What do Greeks eat on “Ohi Day” – on October 28th?

Most Greeks have associated the various cod dishes usually on a festive table during the national celebrations on October 28th and March 25th!

However, some disagree, stressing that this particular fish is consumed only at the Annunciation.

Let’s try to break it down. When do Greeks eat cod?

– March 25 of the Annunciation of Vaios,

– on the feast of the Birth of the Holy Forerunner on June 24,

– on August 6 of the Transfiguration of the Savior,

– of the Entrances of the Virgin on November 21,

– of Agios Andreas on November 30

battered cod

So, on October 28th do Greeks eat cod?

Greeks eat fish or cod exceptionally only when the festive anniversary falls on a fast, i.e., Wednesday or Friday, otherwise Greeks eat everything.
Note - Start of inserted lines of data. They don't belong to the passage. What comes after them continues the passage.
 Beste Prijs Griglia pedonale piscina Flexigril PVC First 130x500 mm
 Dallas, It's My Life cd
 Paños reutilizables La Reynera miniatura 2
Of course, cod remained a habit because it was salted and available all year round when there were no other fish or refrigerators. So also, on October 28th Greeks can choose it.

The story of the codfish

The cod, the most famous fish in the world, which changed the food map of Europe, began to be known in the middle of the 15th century!
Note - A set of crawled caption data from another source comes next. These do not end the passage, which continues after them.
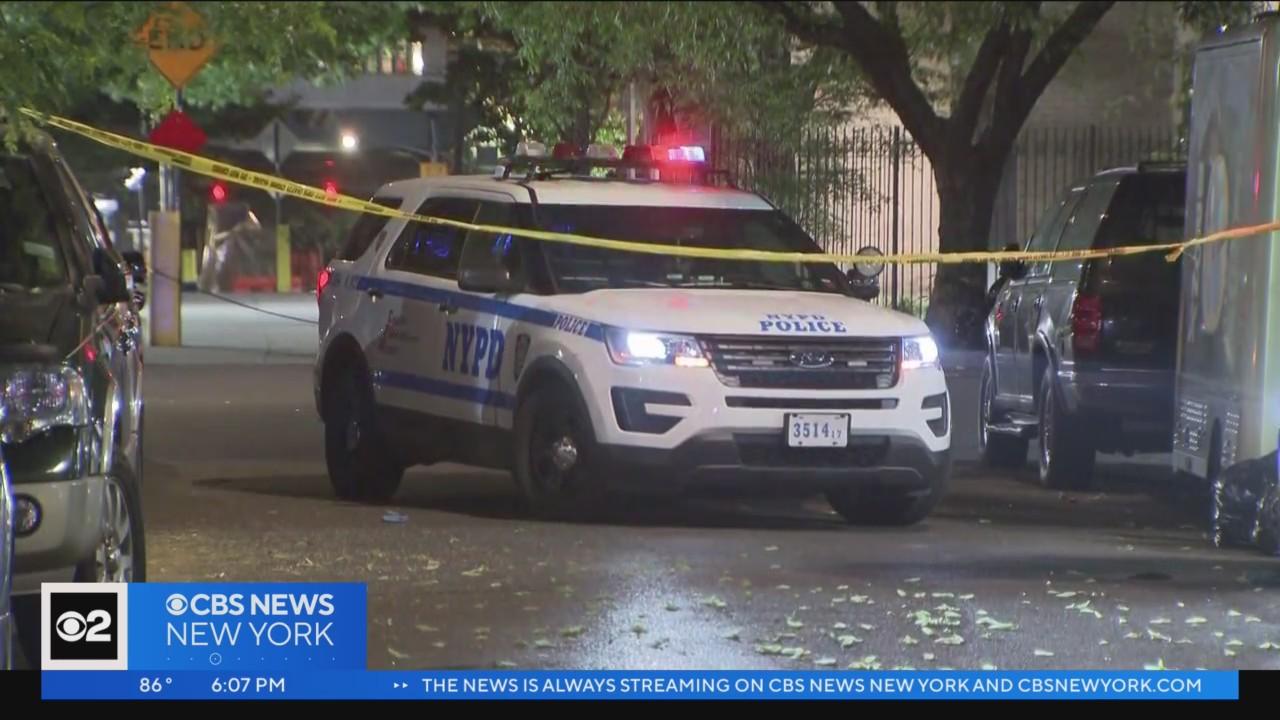 NYPD: Major crime decreased overall in June 2023 compared to 2022 - CBS ...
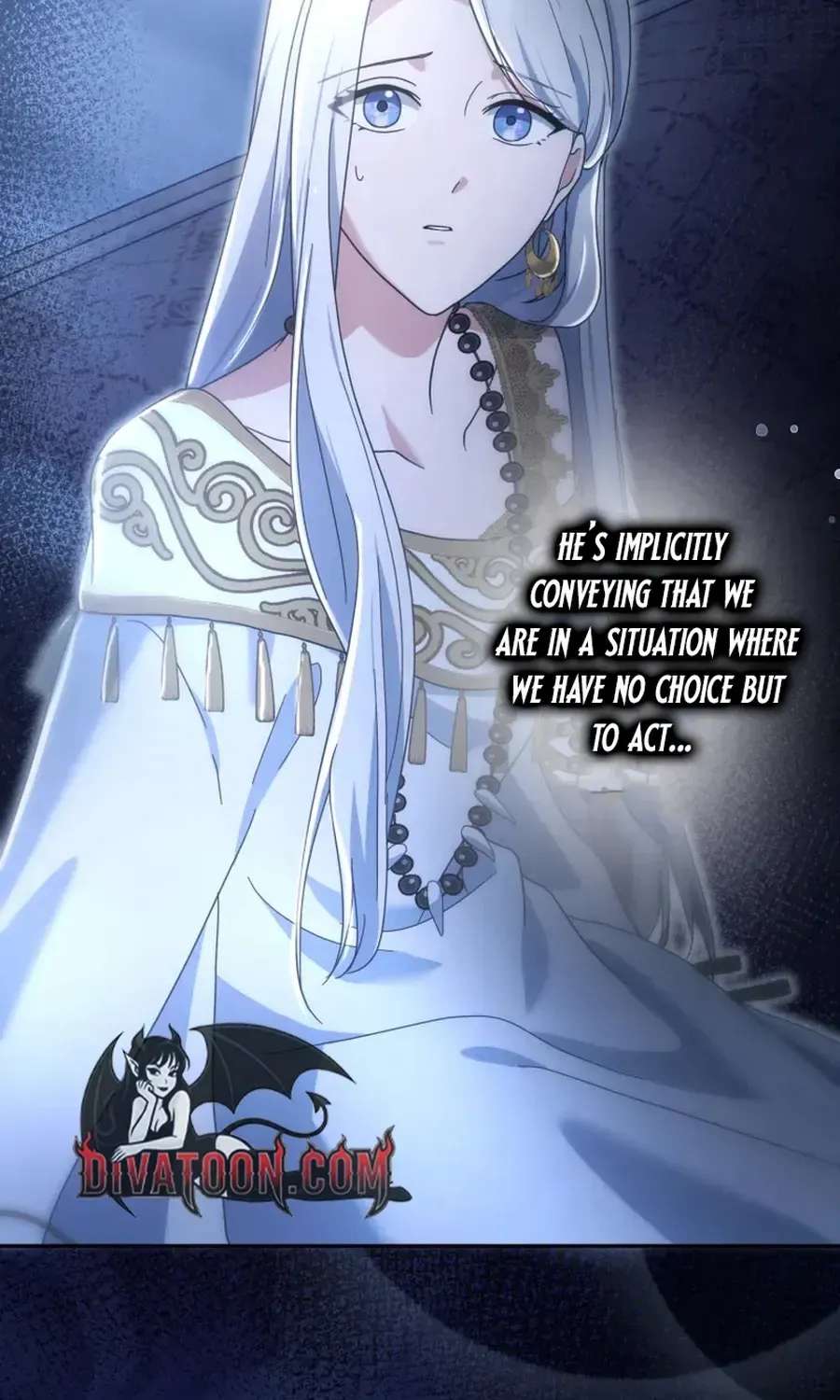 The Beloved Doll Princess Marries into the Wild Chapter 20 - page 67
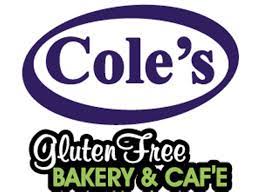 Cole's Bakery and Cafe logo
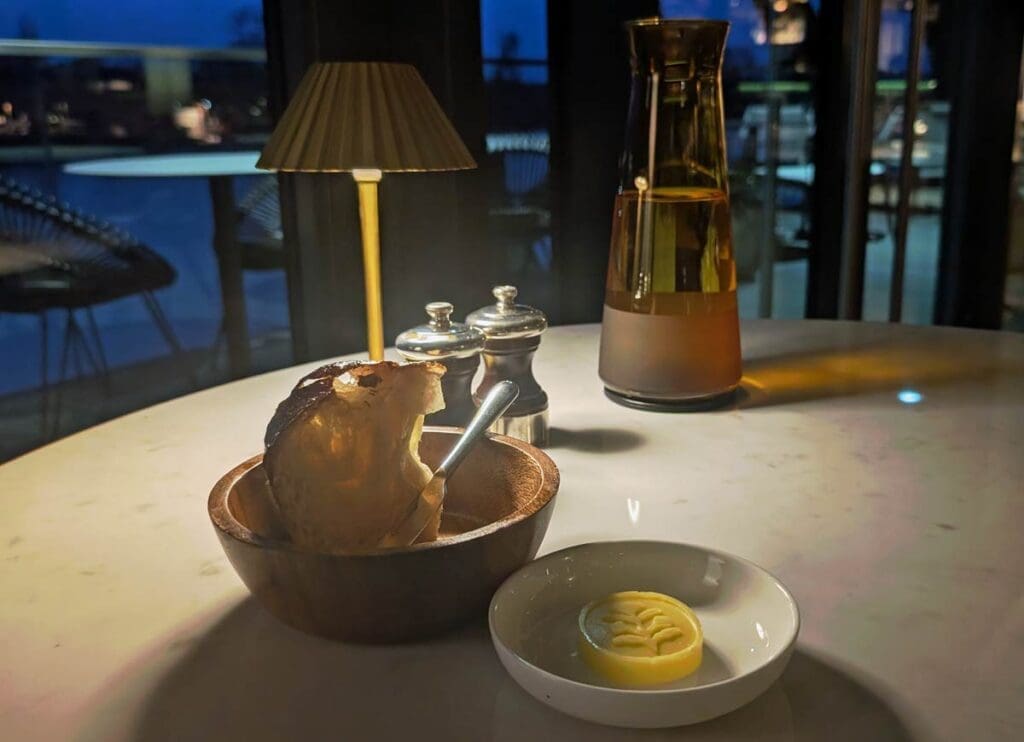 Bread and Butter, Fulham Pier, Brasserie Constance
The Portuguese call him "faithful friend", the Basques "fish of the mountain", the Spanish open shops with the inscription "the cod house" (where even today they only sell this wonderful salted fish), the Cretans call him "poor John” and all the inhabitants of the Mediterranean, even though it was considered a fish for the kitchen of the poor, love it and consume it in large quantities.
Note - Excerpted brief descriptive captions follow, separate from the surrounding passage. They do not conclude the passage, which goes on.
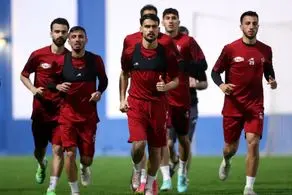 ۴ستاره پرسپولیس بازی با سپاهان را از دست دادند

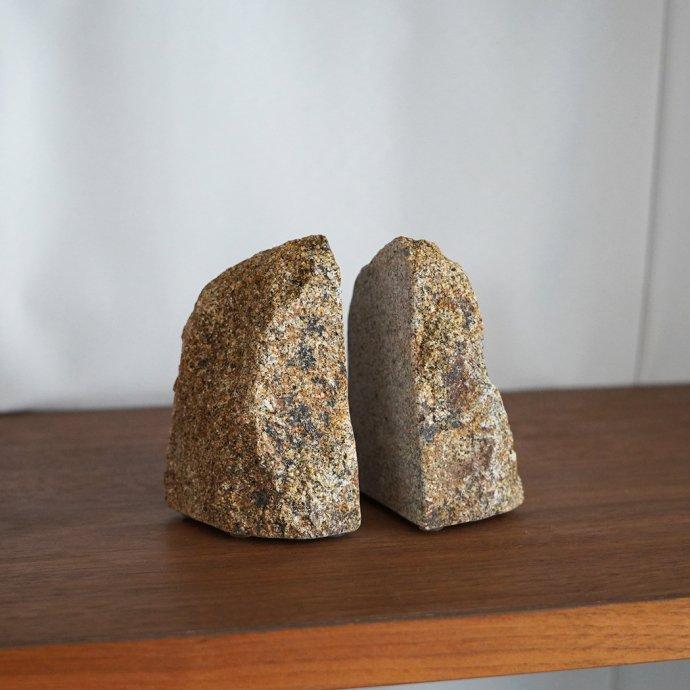 AJI PROJECT / ブックエンド ROCK END S - サビ |  | 06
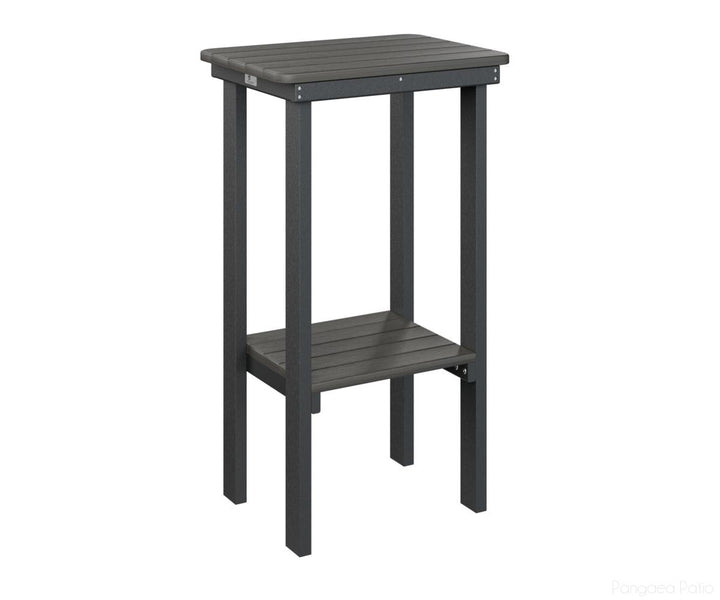 Rectangle End Table Bar Height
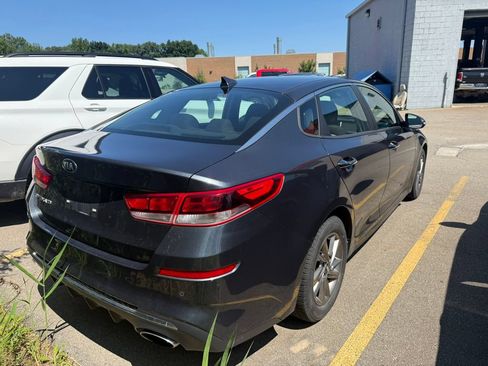 Used 2020 Kia Optima LX FWD image 8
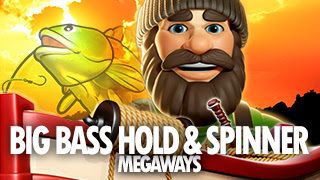 Big Bass Hold & Spinner Megaways
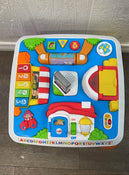 secondhand Fisher Price Laugh And Learn Around The Town Learning Table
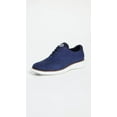 thumbnail image 2 of COLE HAAN 2.ZEROGRAND LSR WING Shoes Marine Blue, 2 of 5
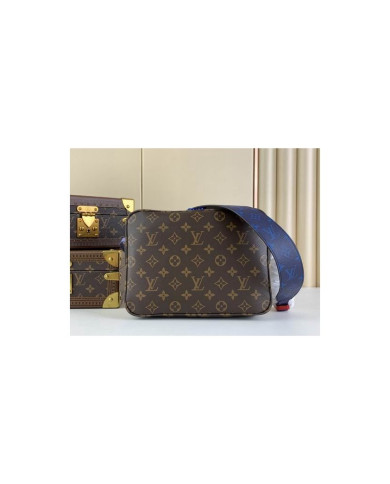 LV  Messenger  Postman's Bag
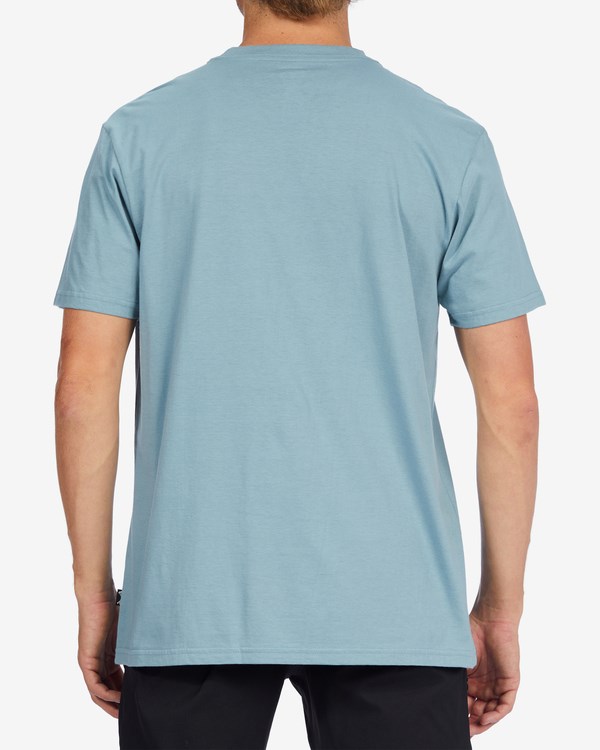 Billabong Pocket Label Pocket T-Shirt Blankyt | BIGYAU-486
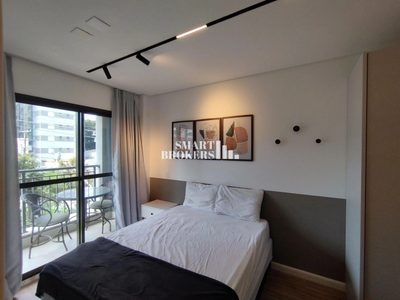 Apartamento, 1 quarto, 28 m² - Foto 2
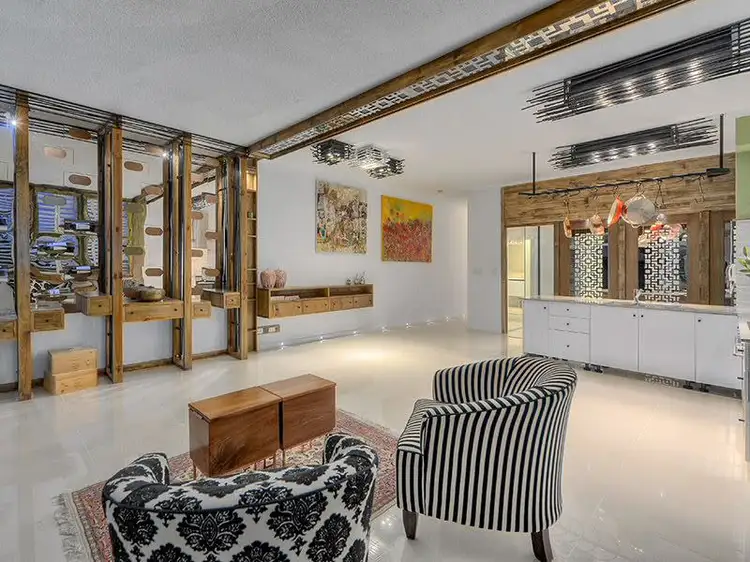 Third view of Homely apartment listing, 5/46 CHERMSIDE Street, Teneriffe QLD 4005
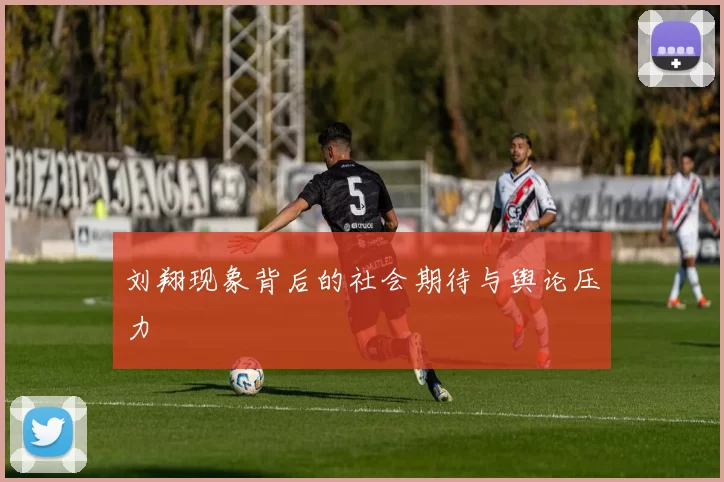 刘翔现象背后的社会期待与舆论压力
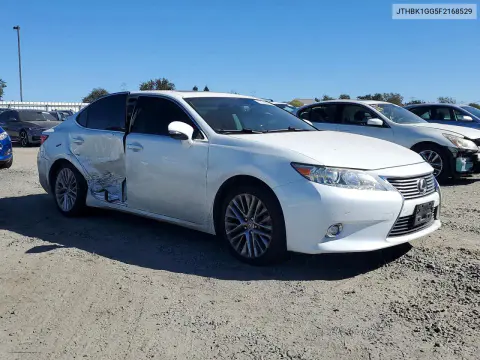2015 Lexus Es 350 VIN JTHBK1GG5F2168529 фото 4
Seasoned with salt, it is kept unchanged for months without losing the least bit of its wonderful taste and nutritional value. And it can also wonderfully take the place of the first or main course on our table, be it a roast or a soup.

raw cod

Everything you need to know about the right choice of cod

We can find salted cod with the bone or filleted salted cod, which is a little more expensive. In all cases, what we pay attention to is that the fillet we choose is thick enough and that the coating of salt is as white as possible.

The thick fillet is tastier and the fish absorbs less salt, so it brines much faster. Also, the whiter its surface means it is more freshly pickled.

Yellow or dark spots on its surface are a sign of weathering.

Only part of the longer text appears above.